[Python-Dev] pymalloc and overallocation (unicodeobject.c,2.139,2.140 checkin)

Tim Peters tim.one@comcast.net
Fri, 26 Apr 2002 17:47:54 -0400


[Guido]
> Would it make sense to change the Unicode object to use pymalloc, and
> to change the UTF-8 codec to count the bytes if the shortest possible
> output would fit in a pymalloc block?

These are independent questions, and I don't know how to answer either
unless you give me a test program that prints the value of the function
you're trying to minimize <0.7 wink>.

The Unicode object currenly uses quite an elaborate free list, caching both
PyUnicodeObject structs (which currently use pymalloc), and their str
members (which currently do not).  Whether the str member uses pymalloc
really doesn't have anything to do with what the UTF8 encoder function does
(it returns plain strings, and those already use pymalloc today -- and it's
not entirely clear whether they should either!).

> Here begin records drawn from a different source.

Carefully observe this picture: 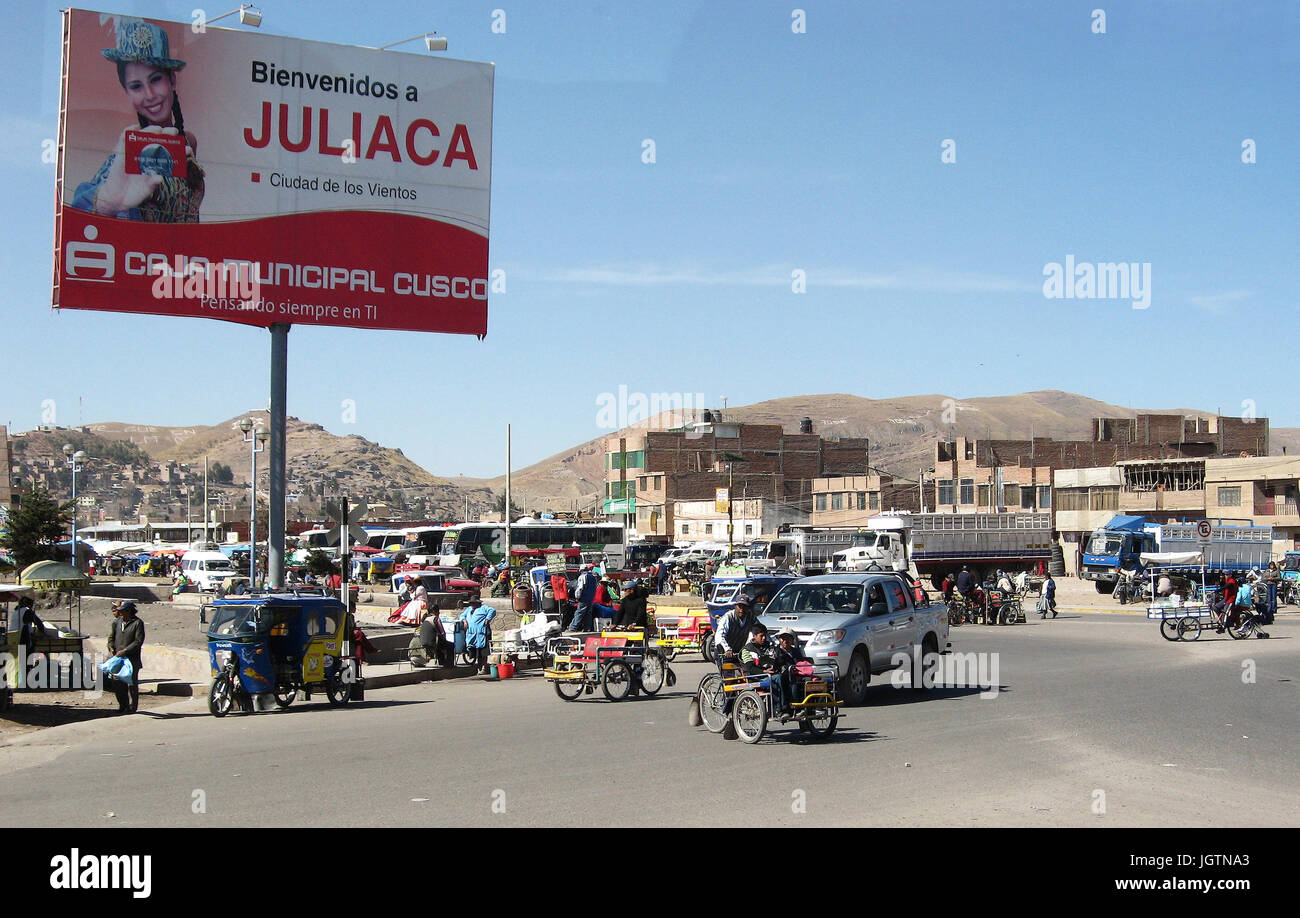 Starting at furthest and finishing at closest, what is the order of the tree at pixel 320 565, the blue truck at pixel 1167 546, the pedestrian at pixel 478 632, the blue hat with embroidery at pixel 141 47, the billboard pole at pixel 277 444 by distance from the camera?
the tree at pixel 320 565 < the blue truck at pixel 1167 546 < the billboard pole at pixel 277 444 < the blue hat with embroidery at pixel 141 47 < the pedestrian at pixel 478 632

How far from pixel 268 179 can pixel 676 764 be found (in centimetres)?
1809

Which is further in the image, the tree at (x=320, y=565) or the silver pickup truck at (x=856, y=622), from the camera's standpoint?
the tree at (x=320, y=565)

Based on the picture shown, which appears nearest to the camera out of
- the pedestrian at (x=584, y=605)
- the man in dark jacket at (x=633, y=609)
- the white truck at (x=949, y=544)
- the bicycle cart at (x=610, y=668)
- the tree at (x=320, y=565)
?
the bicycle cart at (x=610, y=668)

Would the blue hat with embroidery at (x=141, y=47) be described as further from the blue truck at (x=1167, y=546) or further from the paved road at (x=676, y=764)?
the blue truck at (x=1167, y=546)

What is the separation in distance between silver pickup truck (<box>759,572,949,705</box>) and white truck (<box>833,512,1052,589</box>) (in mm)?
31297

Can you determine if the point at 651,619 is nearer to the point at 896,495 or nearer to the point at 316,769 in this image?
the point at 316,769

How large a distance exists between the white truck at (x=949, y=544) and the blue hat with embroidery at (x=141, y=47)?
33.8m

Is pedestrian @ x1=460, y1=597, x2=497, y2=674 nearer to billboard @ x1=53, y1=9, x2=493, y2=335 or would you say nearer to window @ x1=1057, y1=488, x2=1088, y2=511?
billboard @ x1=53, y1=9, x2=493, y2=335

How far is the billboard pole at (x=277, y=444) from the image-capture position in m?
26.0

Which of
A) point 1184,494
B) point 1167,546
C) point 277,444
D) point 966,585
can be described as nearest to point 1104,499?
point 1184,494

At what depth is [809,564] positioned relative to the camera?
182 feet

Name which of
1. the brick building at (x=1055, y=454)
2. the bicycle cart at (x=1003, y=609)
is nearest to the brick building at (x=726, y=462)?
the brick building at (x=1055, y=454)

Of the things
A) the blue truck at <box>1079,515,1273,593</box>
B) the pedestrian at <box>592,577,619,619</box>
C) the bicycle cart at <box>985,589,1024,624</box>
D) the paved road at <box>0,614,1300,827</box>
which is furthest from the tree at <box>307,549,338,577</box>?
the paved road at <box>0,614,1300,827</box>

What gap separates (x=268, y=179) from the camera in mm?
25359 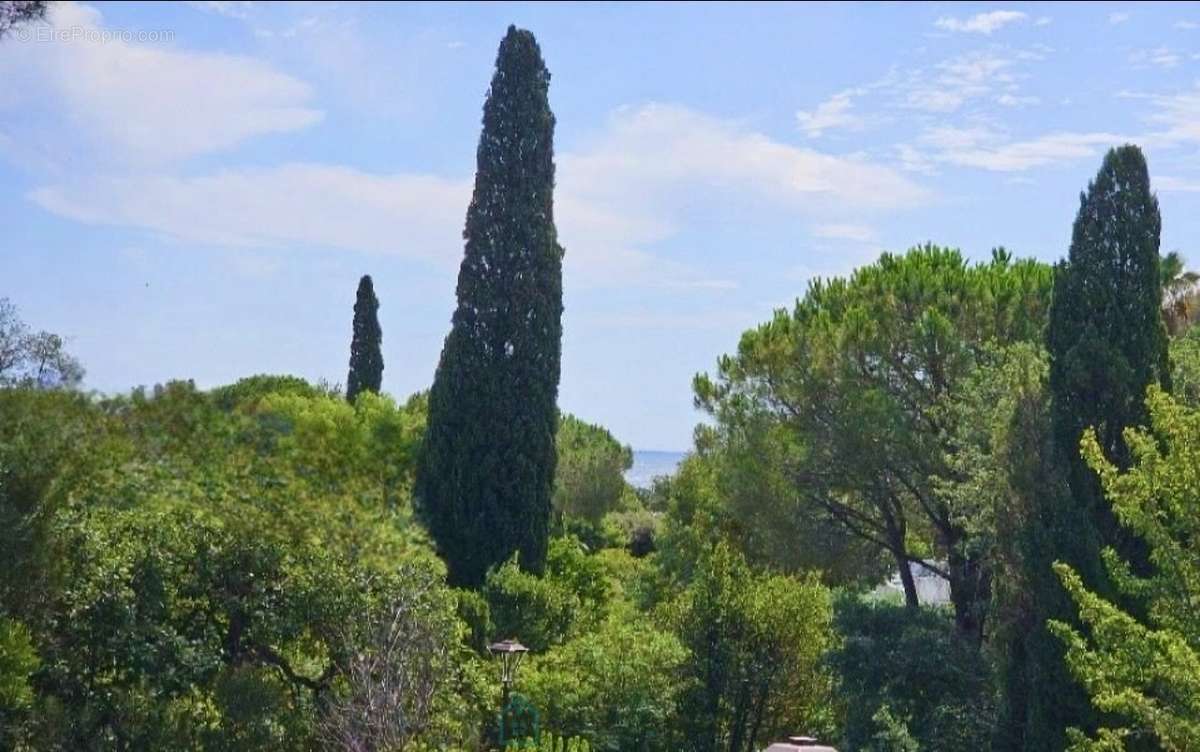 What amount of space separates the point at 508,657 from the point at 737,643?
2577 mm

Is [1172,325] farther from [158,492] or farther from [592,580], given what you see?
[158,492]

Counting the bytes in the UTF8 decoder could work well, independent of that:
if the result is known to fit in a pymalloc block, just do it; as soon as
it's known that it won't, overallocate with assurance that the system
realloc will give back everything that isn't used.  In the latter case I
believe the code could be made much simpler, by doing a factor-of-4
overallocation from the start (it currently tries 2, then 3, then 4, with a
bunch of embedded-in-the-loops tests to prevent overwrites; I'm not sure why
it bothers with this staggered scheme, since it's going to touch exactly as
much memory as it actually needs regardless, and give all the rest back
untouched).

> (I guess this means that the length of the Unicode string should be
> less than SMALL_REQUEST_THRESHOLD - currently 256.)

For a start, yes.  I'd stick a "Py_" in front of that symbol and expose it
then.  The cutoff test would also have to take into account the size of the
result's PyStringObject header (the whole stringobject enchilada counts
against the threshold).